Por fim, não será de esquecer que esta questão controvertida já foi objecto de diversas decisões arbitrais [[i]].
Decisões essas que são uniformes no seu conteúdo, permitindo concluir pela existência de uma clara corrente jurisprudencial. No sentido de a liquidação do Imposto do Selo da verba 28.1 da Tabela Geral não ser aplicável a andares ou partes susceptíveis de utilização independente de um prédio em propriedade vertical, quando apenas mediante o somatório de cada um desses andares ou partes se logra obter um valor patrimonial tributário igual ou superior a 1 milhão de Euros.
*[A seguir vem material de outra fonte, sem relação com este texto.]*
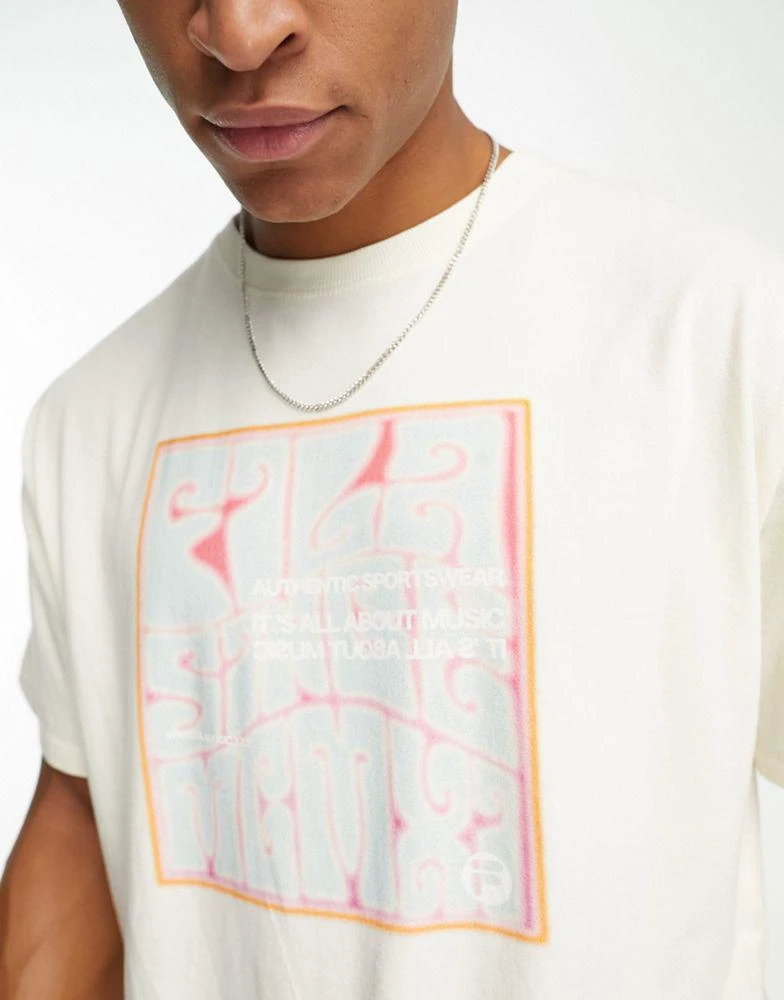 商品Fila|Fila Gordon t-shirt with retro back print in off white,价格¥144,第4张图片详细描述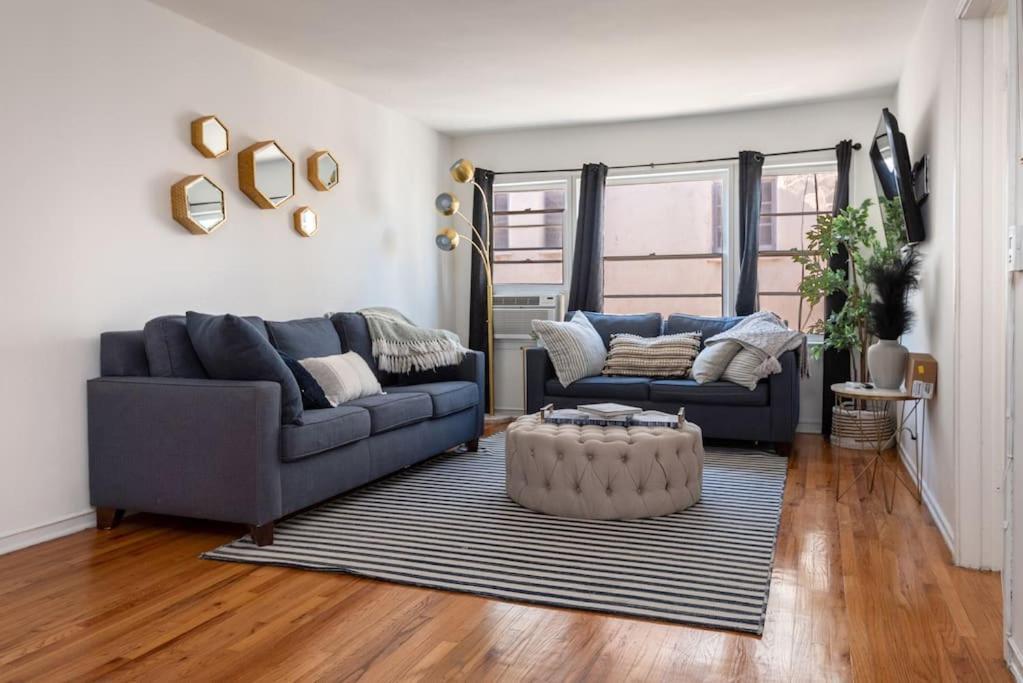 Luxe 1-bedroom W/ Hot Tub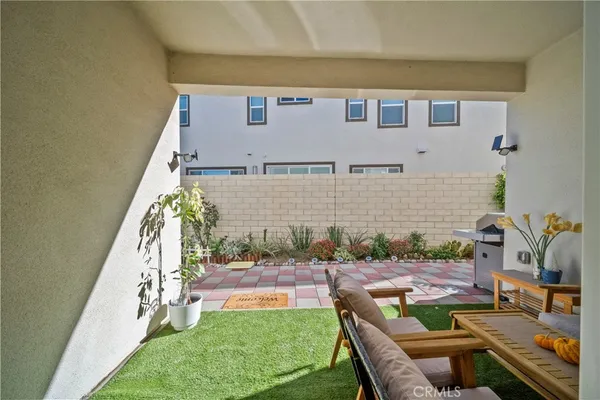 $739,800 | 27616 Symphony Place, Valencia, CA 91381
No que respeita ao pedido indemnizatório pela garantia bancária que seria apresentada, o tribunal arbitral solicitou o envio da correspondente documentação de suporte. Tendo a Requerente esclarecido que a garantia não foi apresentada. Facto que, naturalmente, obsta à apreciação do pedido.
IV - Decisão
Nos termos e com os fundamentos expostos, o tribunal arbitral decide:
i) Julgar procedente o pedido de pronúncia arbitral, com a consequente anulação das notas liquidações de Imposto do Selo referentes ao exercício de 2013; e
ii) Não apreciar o pedido de indemnização pela apresentação de garantia indevida.
O valor económico do pedido é fixado em 12.495,50.
Custas pela Requerida.
Notifique-se as partes.
Lisboa, 23 de Dezembro de 2014
Tribunal Arbitral Singular
José Luís Ferreira
[i] Entre outras, os processos n.º 48/2013-T, n.º 50/2013-T, n.º 132/2013-T, n.º 181/2013, n.º 182/2013, n.º 183/2013, n.º 185/2013, n.º 218/2013-T, n.º 14/2014-T, n.º 26/2014, n.º 30/2014, n.º 72/2014, n.º 88/2014, n.º 177/2014, n.º 193/2014-T, n.º 194/2013-T, n.º 206/2014 e n.º 248/2013.